Having a nice weekend off? Google’s moving your Customers.

Post image for Having a nice weekend off? Google’s moving your Customers.

by Bob Walsh on November 28, 2009 · 11 comments

in Marketing

While you were sitting down to Thanksgiving dinner, Google was changing how and even if customers will find your software. Since There Is No News(bloggers, reporters) Thanksgiving weekend, the firestorm will start officially Monday. Here’s how Google rocked your world by adding one little command to their results page for some users : + Show Options

blah blah blah - Google Search

When you click it, you get a left sidebar changing how people search with Google – and how much you’ll get found:

Props to Gizmodo for (I think) reporting it first, and how to turn it on, and how to turn it off.

These new search options have been exposed here and there but are showing up this weekend for random Goggle users (happened to me; how about you? Please comment.). Don’t be distracted by holiday media staff (read: interns) thinking the change in button color is the news or that these changes are somehow related to Google Wave: they’re not. And if you accept at face value this underwhelming PR response, you’ll miss something that is going to change how much money you make in 2010 selling software.

Having spent the day adopting these new options, they are too damn useful to ignore: I predict they are going to be the shortest Google beta in history, which means they are going to be your problem as a software vendor right quick.

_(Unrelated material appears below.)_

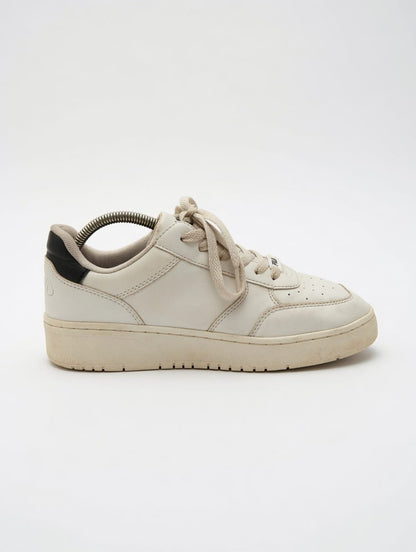 Fila Court FX-100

  1. Any Time – that means your web content has to change. The game used to be that the older your site, the more quality inbound links, the closer to the top of Google’s results. Not no more, at least in our world. Old = Bad when it comes to what we sell. Why would care about software that isn’t in Google results in the Past Year? You don’t – and neither will your customers.
  2. Not Yet Visited. The first time a customer visits your site to judge your product will be the last time they visit your site. No second (have to include you when they search again) chances.
  3. Wonder Wheel. What Google takes away, Google gives back: The best tool available now for finding the all-important search/keyword terms. Darren Rouse’s take. Ignore the rest of this other guy’s videos, but he got “Google Wonder Wheel Keyword Research Tool Helps Discover Hidden Niches” right back in May:
  4. Page Preview – Users can and will filter you much faster. Once you turn on the Page Preview (it’s just as fast as Standard View), you’re not going to turn it off – it makes filtering out crap instantly easier. You see crap, you react – you don’t have to read it. And if your Hook isn’t top left (see next image; and you bet I’ve changed it in production), you are going to be GOL (Google out of luck.)
    startuptodo - Google Search

What this means for your sales.

  1. Assess the Damage. Check Google – do you have Options? Ask around – Twitter works well for this. I’m launching a Twitter hashmark here: #gotgoogopt.
  2. Think. What does your software business now look like to the overwhelming majority of your prospective customers? Better? Worse? Invisible?
  3. Skip the first four steps of grief (denial, anger, bargaining, depression) and get on with deciding what you are going to do about it.
  4. See step 3.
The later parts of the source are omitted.